The question is, how to do this? All members of the emergency services should look at the idea of looking at a situation and being able to make their own minds up on the nature of the threat they face at a specific moment. Defining so-called ‘hot’, ‘warm’ and ‘cold’ zones in a rigid doctrine does not help; it provides an excuse for inaction. When terrorists strike that is not what the public expect.

In that critical ‘golden hour’ the first responders at the scene should not be incumbered awaiting advice from their senior managers. They need, quite simply, to make their own assessment – based on building models as has been suggested, and decide what they can do; even if that means a snatch rescue. At least it gives those injured a chance. One thing would be for firefighters, for example, to not only continue to practice dealing with their routine activities but also conduct their own crowded place desk-top exercises, appointing one of their colleagues to act as the terrorist.

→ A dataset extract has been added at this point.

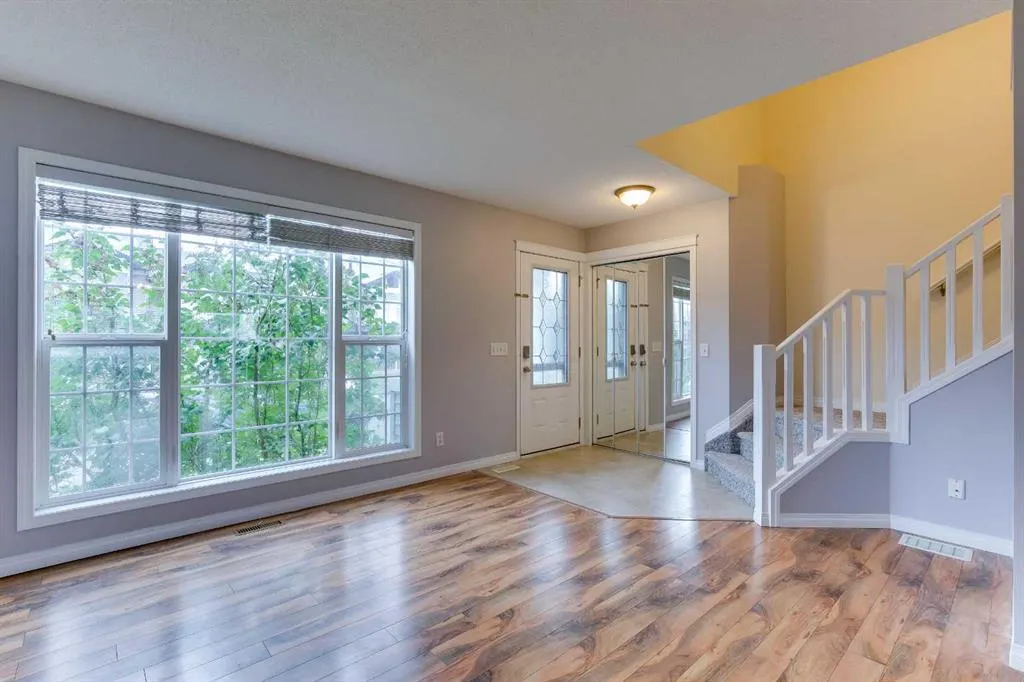 124 Prestwick Villas SE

A quick visit to a local shopping centre or sports stadium would provide the basic level of understanding of how a threat would present itself. The development of a quick scenario for an internal desk-top analysis would then allow teams to play out how they would deal with a real event.

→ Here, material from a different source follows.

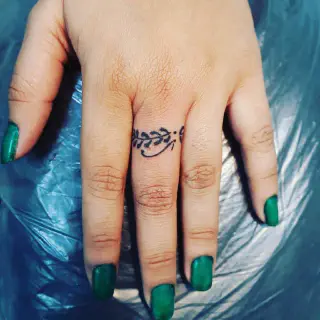 Solid Ring Tattoo um den Arm: Bedeutungen und Ideen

Practice, it is said, makes perfect. That some might argue is debatable. But practice certainly helps. If necessary, a standard (national) library of attacks could be developed that crews could practise on and have their response self-assessed. This would also be part of a wider CPD programme aimed at honing skills.

Through such an approach a greater degree of resilience would be achieved on the day that terrorists emerge from the shadows and attempt to conduct mass murder. Come the day when they get their planning right, the lives of many people will be at risk. On that day, how do we make sure that the age-old excuse that communications difficulties delayed the response does not happen again?